Eric Cevis, president of Verizon Partner Solutions and a keynote speaker here, says Verizon Communications Inc. (NYSE: VZ)'s wholesale software-defined wide-area network solution, announced last week, will give operators a chance to "leapfrog the marketplace" and adopt a proven solution that jumpstarts their marketing.
"A lot of folks aren't as far down the road as you think," Cevis says in an interview. "What we are finding is that they feel all the work we are doing with the MEF and aligning with the standards, plus all the infrastructure investment, support, provisioning, automated systems -- we have all of that now. They are just starting and scratching the surface." (See MEF Goes Global With Its Latest Specs Effort.)
What he believes many network operators will find is that it's easier to get into the market with an SD-WAN offer, working with one of many vendors, but much harder to scale the service. That's what Verizon is stressing in its wholesale offer: a scalable service, based on the evolving standards coming out of the MEF . It's a strategy that worked well for its wholesale Carrier Ethernet business, Cevis notes, as well as wavelength services and more advanced offerings such as security. (See MEF Tackles SD-WAN Standards.)

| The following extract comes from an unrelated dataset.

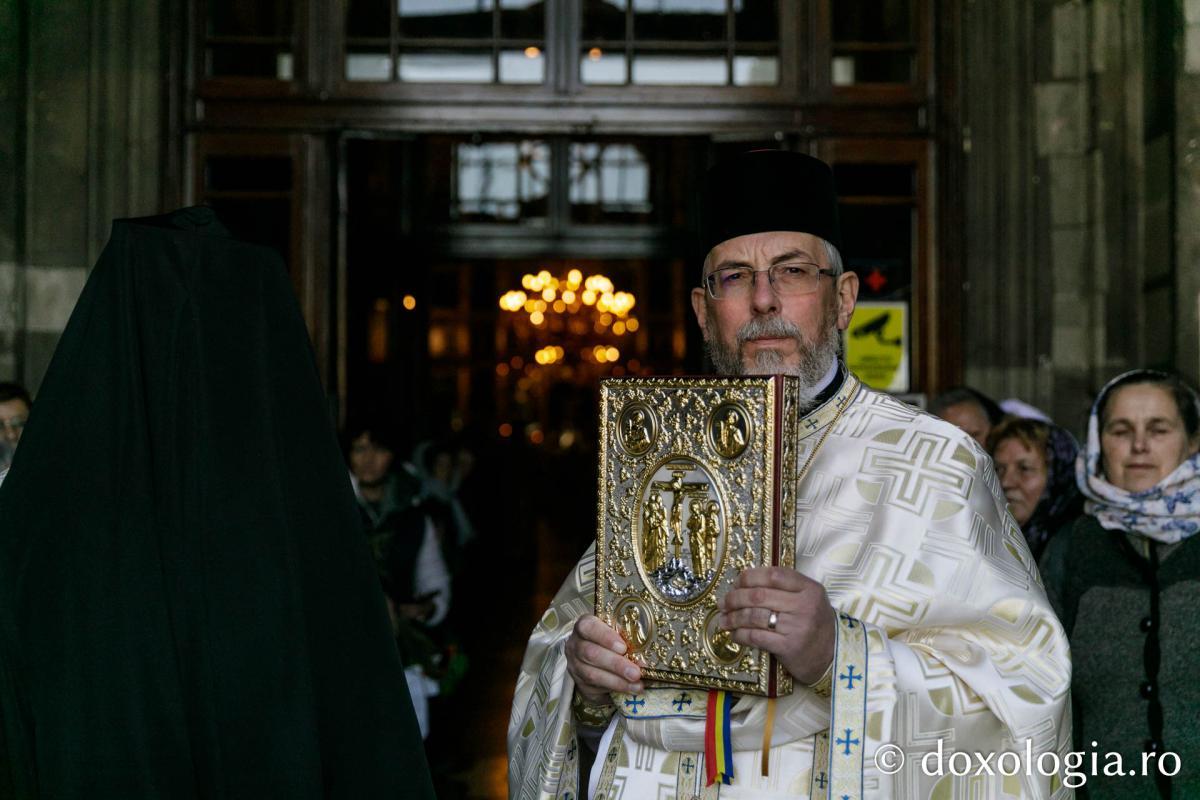 PS Damaschin Dorneanul a slujit Sfânta Liturghie în a șasea zi a Hramului Sfintei Parascheva / Foto: pr. Silviu Cluci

Of course, Verizon isn't alone in the wholesale SD-WAN business. Windstream also has an offer and likely others will soon as well.
Cevis says Verizon is adhering tightly to what MEF specifies for SD-WAN, as it did in a recent white paper, because those standards are what will enable scale and interoperability and both are critical to the success of SD-WAN.
"Interoperability is the best practice to allow scale and this is going to be a scale issue more than anything else," he says. "People who are building one-off, siloed services aren't going to get those to scale." A standards-based approach also enables a faster path to automation of processes, and "that is our biggest push, particularly as we see virtualization continue to grow."
Verizon's wholesale operation is taking a similar approach in other growth arenas, including in the Internet of Things with its ThingSpace and in the Smart Cities arena, where it announced a partnership with Sacramento in June that Cevis says will be replicated with other cities. (See What's the IoT Plan, Verizon? and Verizon Takes 'One Fiber' to More Cities.)
"The way we are looking at it is offering a bundle of services and options which [cities] can white label," he comments.
In his keynote presentation, the fast-talking Cevis was a big fan of MEF 3.0, the new package of global specs that the organization rolled out this week, for what he says is the opportunity to create broader interoperability faster and get the entire industry moving to deliver hyper-connectivity more efficiently.
"What we need to do is to push more standards, to move us to where we can have a single portal, a simple change and order process and usage-based billing," Cevis said. "Automating end-to-end is the only way we can scale."